_Data for this task_.
Start of Block

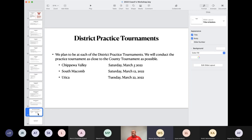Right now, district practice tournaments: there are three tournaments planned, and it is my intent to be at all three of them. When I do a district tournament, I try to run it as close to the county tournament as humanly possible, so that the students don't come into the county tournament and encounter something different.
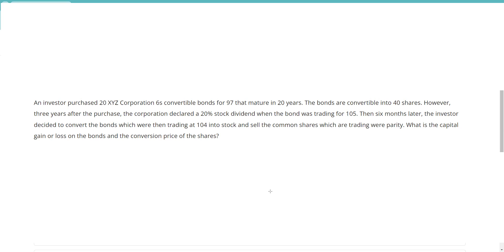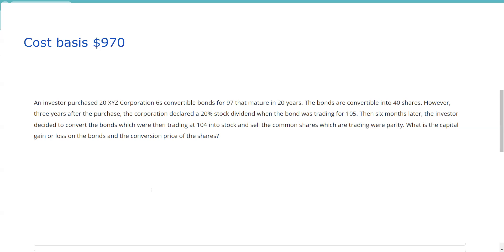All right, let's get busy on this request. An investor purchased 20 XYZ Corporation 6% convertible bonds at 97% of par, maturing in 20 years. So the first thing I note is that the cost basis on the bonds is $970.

End of Block
Start of Block

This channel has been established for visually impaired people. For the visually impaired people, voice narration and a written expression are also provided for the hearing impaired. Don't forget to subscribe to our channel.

End of Block
Start of Block

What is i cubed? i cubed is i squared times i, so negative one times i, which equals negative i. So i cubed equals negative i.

End of Block

Copy word for word the lines above, starting at the line containing "Right now, district" and ending at the line containing "All right, let's", inclusive, with no pictures.

_Answer area_.
Right now, district practice tournaments: there are three tournaments planned, and it is my intent to be at all three of them. When I do a district tournament, I try to run it as close to the county tournament as humanly possible, so that the students don't come into the county tournament and encounter something different.
All right, let's get busy on this request. An investor purchased 20 XYZ Corporation 6% convertible bonds at 97% of par, maturing in 20 years. So the first thing I note is that the cost basis on the bonds is $970.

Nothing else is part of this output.